In der Kirche ist der Segen in letzter Zeit zum Zankapfel
geworden. Weil sich an ihm der Streit entzündet hat, wo und wofür
Vertreter der Kirche stehen, was sie billigen, gutheißen, fördern
und also „absegnen“.


Beim Segen Abrahams geht es nicht darum, dass Gott etwas
„absegnet“, sanktioniert oder gutheißt. Bei der Segensverheißung
an Abraham geht es um eine Veränderung, eine Transformation
seines ganzen Lebens.


Es beginnt mit einem Abschied. „Geh fort aus deinem Land“, sagt
Gott zu Abraham. Ich habe das in der Kirche schon oft zitiert
gehört. Meistens als Forderung an die jeweils Anderen, sie mögen
ihre alten Gewohnheiten, Traditionen oder Überzeugungen
verlassen. Es stimmt sogar, dass das manchmal dringend notwendig
ist. Aber nur, wenn sich eine Überzeugung als falsch oder eine
Tradition als unangemessen für die Erreichung eines göttlichen
Zweckes erweist.


Abraham jedoch soll gar nicht weggehen, weil es Zuhause falsch
oder schlecht gewesen wäre. Er soll gehen, weil es richtiger und
besser ist, woanders zu sein – dort, wo Gott ihn mehr braucht: in
dem versprochenen Land. Und zwar nicht bloß um Abrahams Willen,
sondern für die ganze Welt, für „alle Sippen der Erde“.

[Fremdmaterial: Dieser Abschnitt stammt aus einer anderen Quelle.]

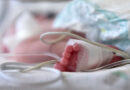 Bebê sofre queimaduras durante banho em creche de SC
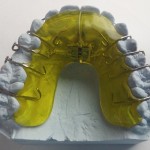 braces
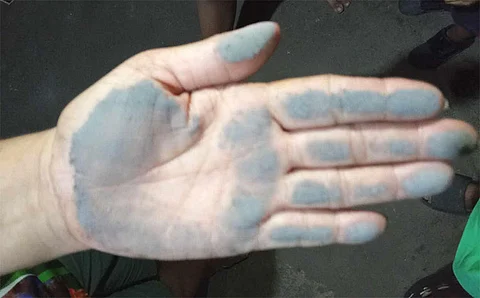 NEGROS. Following the 5,000-meter phreatic eruption at Mt. Kanlaon Monday night, June 3, 2024, ashfall was reported in Manghanoy, La Castellana in Negros Occidental.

Ich denke an meine Aufbrüche, meine Abschiede. Auch, um Priester
und Malteser zu werden. Und dass ich für die Anderen gesegnet
worden und losgegangen bin. Und dass ich an der einen oder
anderen Stelle müde und träge geworden bin und mich gewöhnt habe.


Ein altes deutsches Sprichwort sagt: „An Gottes Segen ist alles
gelegen“. Das will ich mir in dieser Fastenzeit wieder sagen
lassen, dass mir an Gottes Segen liegen soll. Nicht allein in der
Liturgie, sondern auch durch Mutter und Vater, durch die
Schwestern und Brüder im Glauben, durch betende Hingabe. Und
nicht als Bestätigung meines status quo, sondern als Sendung
dahin, wo Gott mich mehr braucht.


Wir sollen mit Abraham segnen und „ein Segen sein“. Aber der
Segen ist mehr als ich bin, kann mehr als ich kann, sagt und tut
mehr, als ich sagen und tun kann.


Wenn ich letzte Woche durch die Stadt ging und die Gesichter der
Menschen sah – frohe und traurige, freundliche und missmutige,
bemalte und unbemalte – habe ich oft daran gedacht, dass es darum
geht: dass ich ihnen mit Gott gut bin.


Und das heißt: sie liebe und segne. Der Segen ist ja das „Plus
der Liebe Gottes“ über alles hinaus, was ich selbst tun kann.
Dass ich sie als Geliebter liebe und als Gesegneter segne – schon
bevor ich sie kenne und ohne vertraut oder einverstanden sein zu
müssen mit dem, was sie denken, sagen und tun.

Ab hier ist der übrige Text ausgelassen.